Fourteen Protesters Emerge Victorious from Kentucky Governor’s Office Sit-In Protesting Mountaintop Removal Mining
Feb. 14, 2001
FRANKFORT – Fourteen protesters emerged from their four-day occupation of the Kentucky Gov. Steve Beshear’s office in protest of mountaintop removal mining before an exuberant crowd of over 1,000 people on the steps of the state Capitol.
In a statement delivered before the cheering throng of supporters, internationally-known writer Wendell Berry explained, “We came because the land, its forests, and its streams are being destroyed by the surface mining of coal, because the people are suffering intolerable harms to their homes, their health, and their communities.”
The protesters (who also included a retired coal miner, a nurse practitioner who treats miners, community organizers, a graduate student, and others) had been staying in the office since talks between them and Gov.

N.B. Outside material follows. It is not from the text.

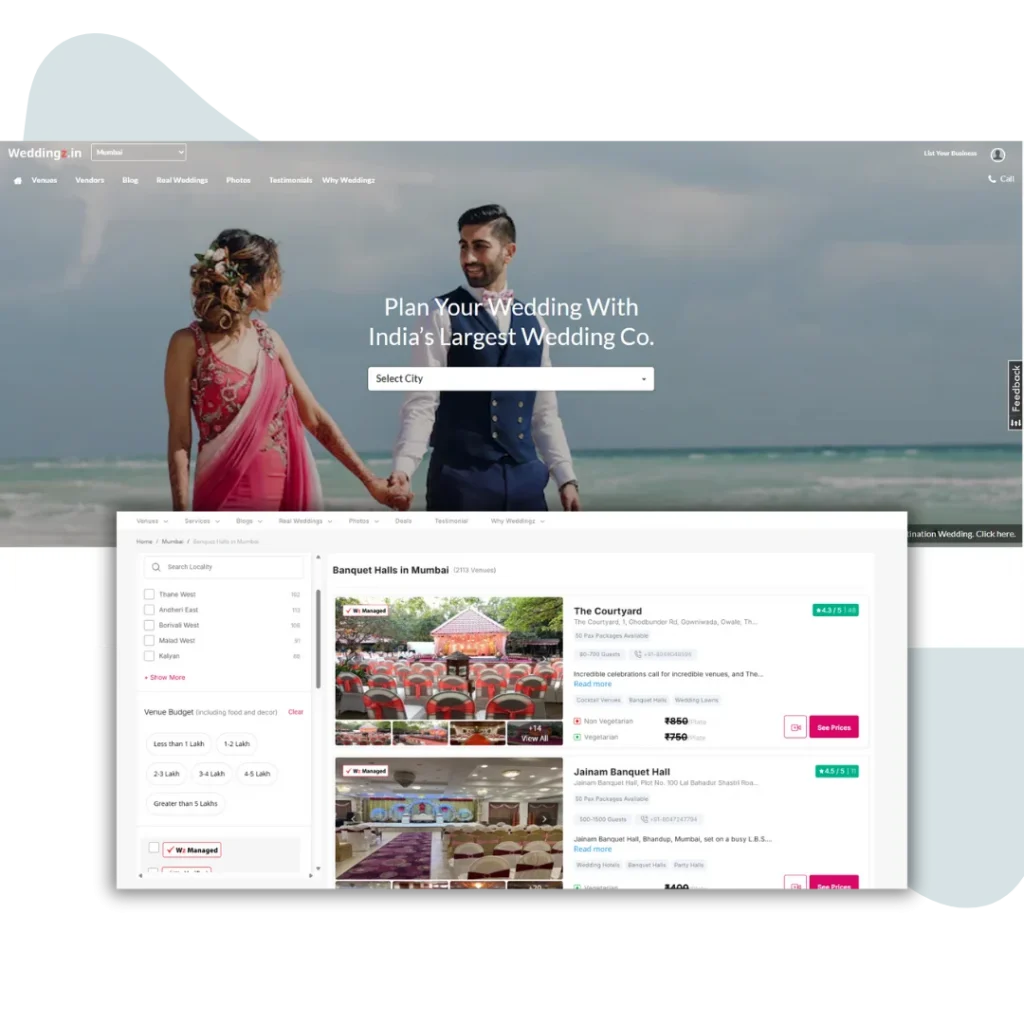 Dashboard of Oyo Weddingz for venue booking.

Beshear came to a stalemate on Friday afternoon, when he finally agreed to meet with them after initially refusing to do so that morning. In the meeting, Gov. Beshear continued to express his steadfast support for both mountaintop removal and the coal industry.

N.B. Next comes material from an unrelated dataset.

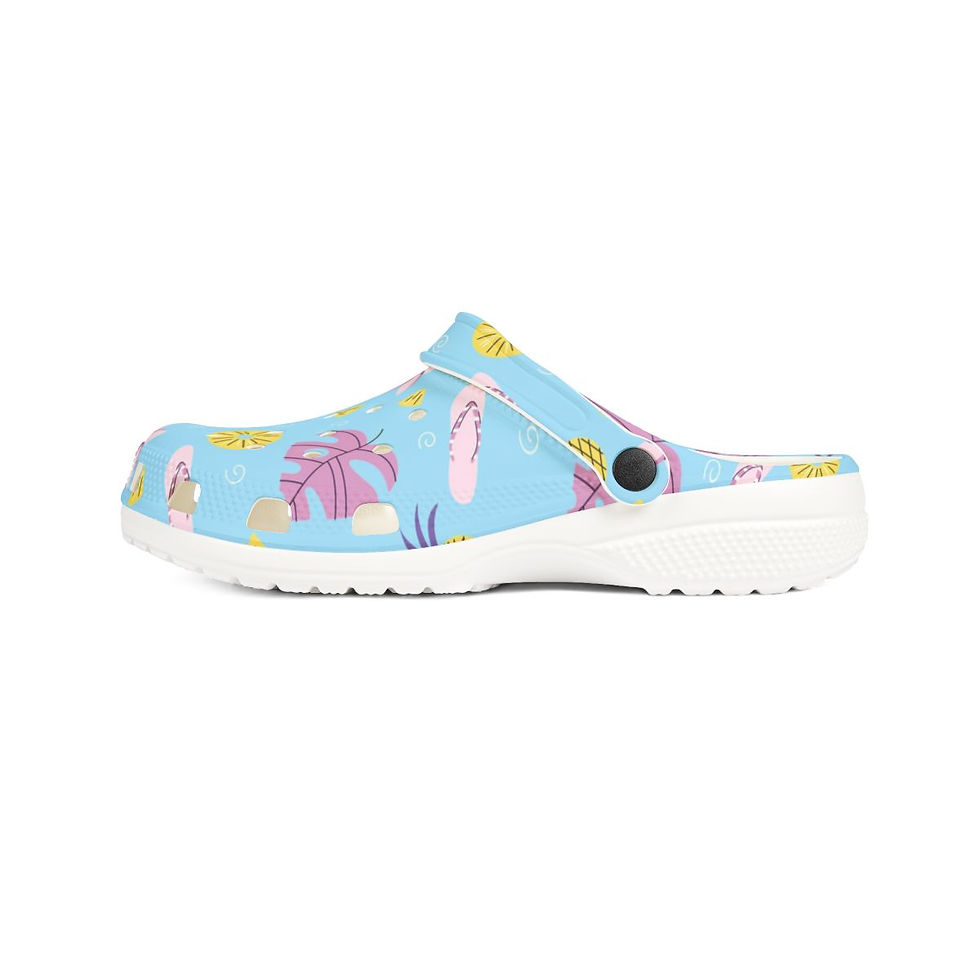 Thumbnail: KLÅOG - EVA Foam Rubber Shoes (CLOG), Custom Tropical Pineapple Summer Vibe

The citizens found his position unacceptable, and refused to vacate his office. When they declined to leave, the governor instructed his security team to inform the protesters that they were welcome to stay “as long as they wanted.”

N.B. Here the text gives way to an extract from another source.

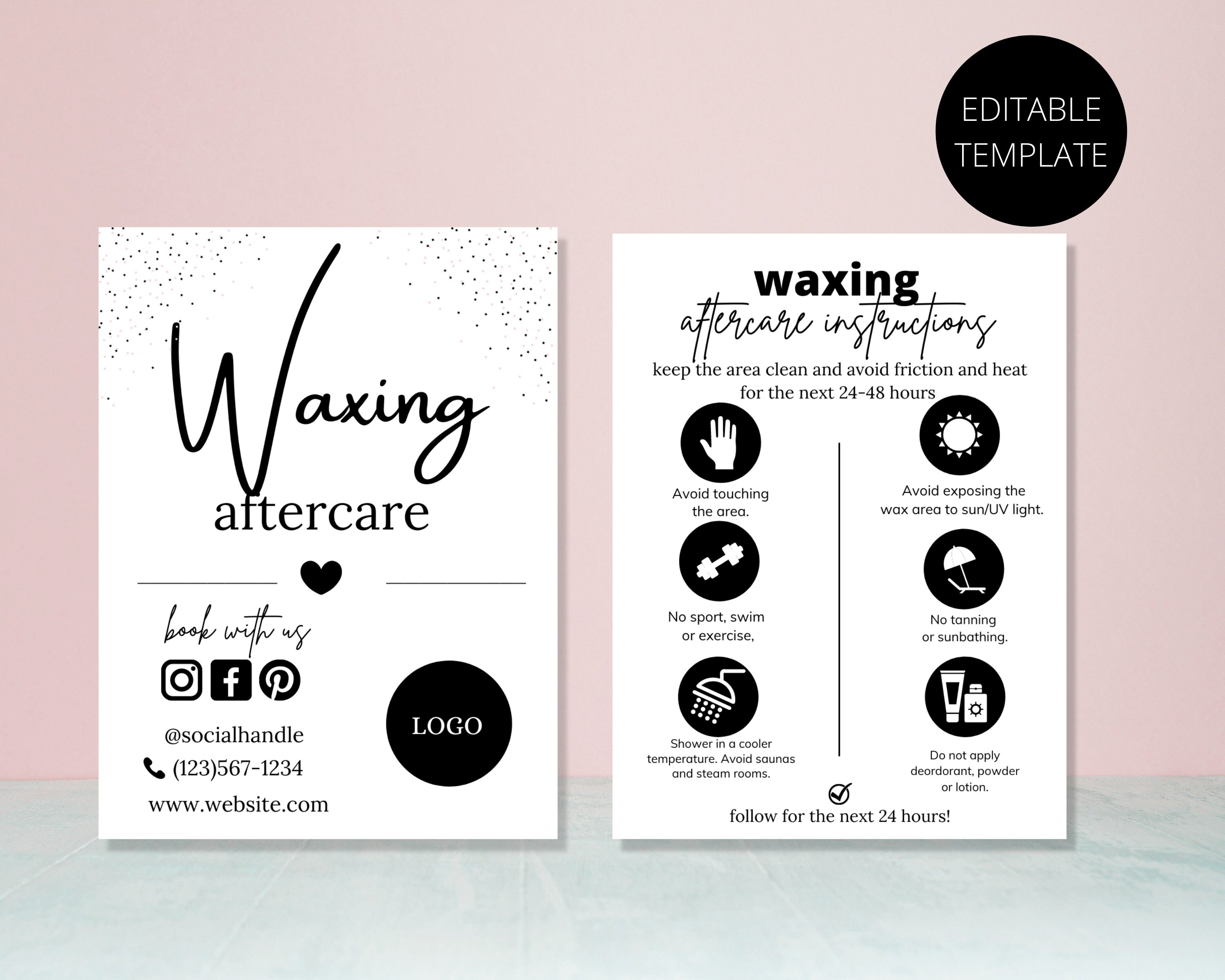 Wax Aftercare Card Hair Removal Aftercare Card Wax Card Etsy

The sit-in, which the protesters dubbed Kentucky Rising, has attracted international attention, with messages of support coming in from Argentina and Germany. Leading environmental figures including Bill McKibben (350.org) and best-selling environmental writer Michael Pollan (The Omnivore’s Dilemma) issued strong statements of support.
“People across America today…are electrified by what's going on in Frankfort,” McKibben said. ”It's about time that people said: 'No more business as usual, if that means leveling the mountains of southern Appalachia.'”
The citizens say they will hold Gov. Beshear, who is running for reelection this year, to a pledge he made this morning: to travel to eastern Kentucky within thirty days and personally inspect damage caused by mountaintop removal. “This is only the beginning. There’s no going back at the point. The pressure will continue.”